# HELP!!! Betta Wholesale??????



## Sub Zer0 (Sep 22, 2012)

Do any of you know how much it costs to buy 50 male bettas from a wholesaler because I need it for my business class.


----------



## Phaydra (Nov 20, 2012)

Most places I know will negotiate a discount for 50+ bettas. I say your best bet is to go on Aquabid.com, contact a few sellers there, and explain you need to know for a school assignment. I have a feeling most will be kind enough to offer you a rough quote.


----------



## LittleBlueFishlets (Nov 10, 2012)

Um. I can't figure out why you need 50 bettas for a class.... But more importantly, what are you going to do with them AFTER the class is over?


----------



## Laki (Aug 24, 2011)

+1 

Is it for a paper assignment?

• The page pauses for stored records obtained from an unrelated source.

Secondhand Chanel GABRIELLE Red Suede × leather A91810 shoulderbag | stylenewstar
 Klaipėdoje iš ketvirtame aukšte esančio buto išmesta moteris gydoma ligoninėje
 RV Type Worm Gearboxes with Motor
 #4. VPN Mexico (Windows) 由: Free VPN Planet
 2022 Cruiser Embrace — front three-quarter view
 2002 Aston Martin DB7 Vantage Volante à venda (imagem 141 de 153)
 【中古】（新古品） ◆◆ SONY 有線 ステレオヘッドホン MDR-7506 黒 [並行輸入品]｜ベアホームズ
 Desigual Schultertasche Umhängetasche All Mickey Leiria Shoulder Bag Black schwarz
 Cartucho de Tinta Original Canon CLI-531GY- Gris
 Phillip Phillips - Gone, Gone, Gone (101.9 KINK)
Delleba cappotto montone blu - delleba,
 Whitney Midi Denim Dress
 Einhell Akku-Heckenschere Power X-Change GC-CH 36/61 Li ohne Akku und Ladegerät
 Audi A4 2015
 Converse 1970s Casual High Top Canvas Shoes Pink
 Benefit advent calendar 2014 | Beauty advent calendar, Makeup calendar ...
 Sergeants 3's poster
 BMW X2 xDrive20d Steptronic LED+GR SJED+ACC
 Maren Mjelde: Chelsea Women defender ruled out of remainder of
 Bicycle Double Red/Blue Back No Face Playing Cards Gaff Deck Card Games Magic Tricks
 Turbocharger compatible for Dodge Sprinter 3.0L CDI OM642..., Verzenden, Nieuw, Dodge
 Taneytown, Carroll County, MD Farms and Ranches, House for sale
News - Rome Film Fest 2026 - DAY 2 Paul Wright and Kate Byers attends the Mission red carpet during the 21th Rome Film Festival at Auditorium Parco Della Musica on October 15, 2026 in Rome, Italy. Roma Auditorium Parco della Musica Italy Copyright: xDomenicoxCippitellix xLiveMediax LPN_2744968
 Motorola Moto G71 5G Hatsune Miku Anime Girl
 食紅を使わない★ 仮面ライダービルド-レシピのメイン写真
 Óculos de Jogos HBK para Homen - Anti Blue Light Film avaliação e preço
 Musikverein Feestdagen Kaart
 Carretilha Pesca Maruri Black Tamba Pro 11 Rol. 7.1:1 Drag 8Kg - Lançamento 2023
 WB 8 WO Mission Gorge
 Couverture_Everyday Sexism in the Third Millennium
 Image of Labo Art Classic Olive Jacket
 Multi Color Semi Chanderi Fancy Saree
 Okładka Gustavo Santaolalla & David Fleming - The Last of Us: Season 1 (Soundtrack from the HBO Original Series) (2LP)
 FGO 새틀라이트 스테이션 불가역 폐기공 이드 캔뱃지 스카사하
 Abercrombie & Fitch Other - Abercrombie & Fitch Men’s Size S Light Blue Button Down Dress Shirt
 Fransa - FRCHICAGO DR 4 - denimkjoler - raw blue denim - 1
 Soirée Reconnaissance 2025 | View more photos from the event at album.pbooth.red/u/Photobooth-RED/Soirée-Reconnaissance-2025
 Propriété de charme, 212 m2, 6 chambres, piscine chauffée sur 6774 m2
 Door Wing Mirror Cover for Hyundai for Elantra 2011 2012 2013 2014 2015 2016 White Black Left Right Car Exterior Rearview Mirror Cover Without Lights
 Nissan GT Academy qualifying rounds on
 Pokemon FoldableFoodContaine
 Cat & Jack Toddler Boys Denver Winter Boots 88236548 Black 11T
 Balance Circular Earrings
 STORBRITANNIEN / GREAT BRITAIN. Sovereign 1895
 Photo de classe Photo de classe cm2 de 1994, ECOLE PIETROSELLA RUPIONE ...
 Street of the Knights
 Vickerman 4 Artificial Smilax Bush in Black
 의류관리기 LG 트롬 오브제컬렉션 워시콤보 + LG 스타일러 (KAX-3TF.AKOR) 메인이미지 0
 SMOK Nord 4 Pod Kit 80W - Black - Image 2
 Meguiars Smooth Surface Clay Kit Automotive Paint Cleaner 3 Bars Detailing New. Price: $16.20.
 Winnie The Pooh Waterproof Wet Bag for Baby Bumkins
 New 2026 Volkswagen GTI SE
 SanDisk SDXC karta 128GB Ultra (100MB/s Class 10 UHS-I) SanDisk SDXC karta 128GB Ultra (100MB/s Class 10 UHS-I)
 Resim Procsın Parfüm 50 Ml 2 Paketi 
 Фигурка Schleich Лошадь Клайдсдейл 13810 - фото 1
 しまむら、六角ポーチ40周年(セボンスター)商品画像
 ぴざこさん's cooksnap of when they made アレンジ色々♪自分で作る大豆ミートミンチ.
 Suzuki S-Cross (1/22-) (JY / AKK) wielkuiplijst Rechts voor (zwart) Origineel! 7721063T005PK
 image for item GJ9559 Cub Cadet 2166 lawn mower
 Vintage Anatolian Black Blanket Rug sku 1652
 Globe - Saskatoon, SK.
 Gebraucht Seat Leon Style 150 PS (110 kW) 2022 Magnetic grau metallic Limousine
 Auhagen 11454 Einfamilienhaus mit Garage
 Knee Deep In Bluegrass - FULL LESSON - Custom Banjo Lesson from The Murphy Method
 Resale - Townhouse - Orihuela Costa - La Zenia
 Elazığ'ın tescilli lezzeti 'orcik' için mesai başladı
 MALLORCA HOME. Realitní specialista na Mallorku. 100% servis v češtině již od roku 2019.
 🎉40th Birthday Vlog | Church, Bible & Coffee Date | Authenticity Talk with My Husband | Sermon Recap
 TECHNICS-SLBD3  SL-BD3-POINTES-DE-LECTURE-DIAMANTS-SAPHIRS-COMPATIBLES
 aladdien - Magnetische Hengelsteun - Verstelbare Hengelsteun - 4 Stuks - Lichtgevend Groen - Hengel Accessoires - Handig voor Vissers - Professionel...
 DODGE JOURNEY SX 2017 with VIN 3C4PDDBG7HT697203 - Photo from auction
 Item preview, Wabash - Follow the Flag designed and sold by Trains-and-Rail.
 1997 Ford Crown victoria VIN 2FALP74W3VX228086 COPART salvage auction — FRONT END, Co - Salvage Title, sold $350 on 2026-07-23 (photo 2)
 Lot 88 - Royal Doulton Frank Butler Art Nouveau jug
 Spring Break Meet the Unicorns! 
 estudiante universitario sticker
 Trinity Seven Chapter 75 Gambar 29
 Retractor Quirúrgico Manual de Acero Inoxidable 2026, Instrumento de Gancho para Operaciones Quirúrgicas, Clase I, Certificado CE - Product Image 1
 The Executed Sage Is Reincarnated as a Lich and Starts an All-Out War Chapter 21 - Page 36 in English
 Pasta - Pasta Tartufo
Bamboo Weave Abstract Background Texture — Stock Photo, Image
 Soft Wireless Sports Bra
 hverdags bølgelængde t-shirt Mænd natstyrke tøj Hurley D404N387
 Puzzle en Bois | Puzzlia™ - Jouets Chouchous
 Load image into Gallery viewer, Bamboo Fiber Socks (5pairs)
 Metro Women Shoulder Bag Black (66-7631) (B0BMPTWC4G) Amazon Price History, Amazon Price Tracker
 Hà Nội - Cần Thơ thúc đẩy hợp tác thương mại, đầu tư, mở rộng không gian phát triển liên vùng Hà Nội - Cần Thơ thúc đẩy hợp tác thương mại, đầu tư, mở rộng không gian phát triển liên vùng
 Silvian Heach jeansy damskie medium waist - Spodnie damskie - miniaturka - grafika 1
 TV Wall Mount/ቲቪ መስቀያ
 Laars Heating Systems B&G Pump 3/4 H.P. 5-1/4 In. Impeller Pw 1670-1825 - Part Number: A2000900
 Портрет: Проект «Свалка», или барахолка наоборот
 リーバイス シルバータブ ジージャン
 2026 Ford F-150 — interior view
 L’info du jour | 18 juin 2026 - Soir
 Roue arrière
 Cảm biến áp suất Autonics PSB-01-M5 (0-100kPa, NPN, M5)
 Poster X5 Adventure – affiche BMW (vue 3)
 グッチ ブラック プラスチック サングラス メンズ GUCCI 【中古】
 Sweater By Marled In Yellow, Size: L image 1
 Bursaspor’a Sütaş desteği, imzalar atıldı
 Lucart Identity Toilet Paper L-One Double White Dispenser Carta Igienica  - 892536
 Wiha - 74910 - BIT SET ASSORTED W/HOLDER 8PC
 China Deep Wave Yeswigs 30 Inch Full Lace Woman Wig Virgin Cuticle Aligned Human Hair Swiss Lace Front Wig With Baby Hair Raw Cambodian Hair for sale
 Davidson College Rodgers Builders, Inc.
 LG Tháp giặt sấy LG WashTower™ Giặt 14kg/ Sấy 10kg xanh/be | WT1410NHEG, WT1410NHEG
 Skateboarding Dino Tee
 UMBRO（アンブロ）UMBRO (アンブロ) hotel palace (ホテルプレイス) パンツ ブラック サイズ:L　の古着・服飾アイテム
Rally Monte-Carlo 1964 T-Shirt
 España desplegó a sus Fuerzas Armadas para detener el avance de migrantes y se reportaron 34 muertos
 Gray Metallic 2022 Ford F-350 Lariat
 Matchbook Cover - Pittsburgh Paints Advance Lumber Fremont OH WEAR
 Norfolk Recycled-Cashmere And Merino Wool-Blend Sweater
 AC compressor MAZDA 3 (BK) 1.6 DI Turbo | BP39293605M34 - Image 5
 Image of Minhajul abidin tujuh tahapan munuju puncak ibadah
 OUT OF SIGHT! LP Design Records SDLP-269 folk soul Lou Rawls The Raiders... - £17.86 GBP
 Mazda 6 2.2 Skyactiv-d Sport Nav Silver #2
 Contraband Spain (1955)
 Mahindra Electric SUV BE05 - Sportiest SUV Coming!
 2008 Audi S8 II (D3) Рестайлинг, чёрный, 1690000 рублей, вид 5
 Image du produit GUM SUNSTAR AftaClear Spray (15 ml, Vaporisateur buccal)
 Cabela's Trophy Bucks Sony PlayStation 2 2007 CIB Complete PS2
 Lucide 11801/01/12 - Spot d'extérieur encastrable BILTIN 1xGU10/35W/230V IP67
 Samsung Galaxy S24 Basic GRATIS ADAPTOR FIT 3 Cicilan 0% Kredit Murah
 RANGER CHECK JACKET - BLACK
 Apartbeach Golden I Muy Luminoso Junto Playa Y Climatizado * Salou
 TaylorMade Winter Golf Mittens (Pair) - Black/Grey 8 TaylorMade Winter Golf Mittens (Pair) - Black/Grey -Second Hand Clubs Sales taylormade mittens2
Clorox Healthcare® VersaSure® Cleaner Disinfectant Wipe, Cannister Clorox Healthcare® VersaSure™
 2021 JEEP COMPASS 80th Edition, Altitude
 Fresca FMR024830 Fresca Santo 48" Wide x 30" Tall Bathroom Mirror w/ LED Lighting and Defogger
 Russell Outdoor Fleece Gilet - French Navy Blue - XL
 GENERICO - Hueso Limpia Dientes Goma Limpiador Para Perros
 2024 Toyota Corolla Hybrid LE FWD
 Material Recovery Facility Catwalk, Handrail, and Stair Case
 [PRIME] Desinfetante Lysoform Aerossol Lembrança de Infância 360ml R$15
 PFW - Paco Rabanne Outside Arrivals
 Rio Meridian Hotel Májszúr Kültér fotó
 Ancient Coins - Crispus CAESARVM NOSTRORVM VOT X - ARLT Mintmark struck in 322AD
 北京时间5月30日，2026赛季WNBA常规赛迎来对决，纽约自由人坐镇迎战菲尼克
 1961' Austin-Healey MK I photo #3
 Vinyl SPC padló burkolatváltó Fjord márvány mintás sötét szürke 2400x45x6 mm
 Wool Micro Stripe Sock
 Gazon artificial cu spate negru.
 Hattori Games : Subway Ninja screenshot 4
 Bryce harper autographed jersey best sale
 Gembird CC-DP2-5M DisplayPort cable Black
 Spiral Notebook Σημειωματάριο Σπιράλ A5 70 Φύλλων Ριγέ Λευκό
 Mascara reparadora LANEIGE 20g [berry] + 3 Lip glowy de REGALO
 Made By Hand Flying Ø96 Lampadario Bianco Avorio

Or do you actually NEED to have 50 bettas in the classroom?


----------



## Stone (Jan 6, 2013)

says he needs to know how much it COSTS for 50 male bettas from a wholesaler not that he needs to BUY 50 male bettas...........


----------



## LittleBlueFishlets (Nov 10, 2012)

Yes, that's what Laki asked for clarification on.  Would be interesting to hear more about the assignment. It involves bettas, after all. LOL


----------



## Sub Zer0 (Sep 22, 2012)

yeah what Stone said because I have an entrepreneur class and in that class we need to make up a business so i chose to have a pet shop. I just wanted to know how much it will cost to buy 50 male bettas from a wholesaler because I need a resaler's license to know how much it'll cost me to buy it, and I also need to sell it for an exact price in order to give me a profit. So i'm not actually going to buy it, just wanted to know how much it'll cost.


----------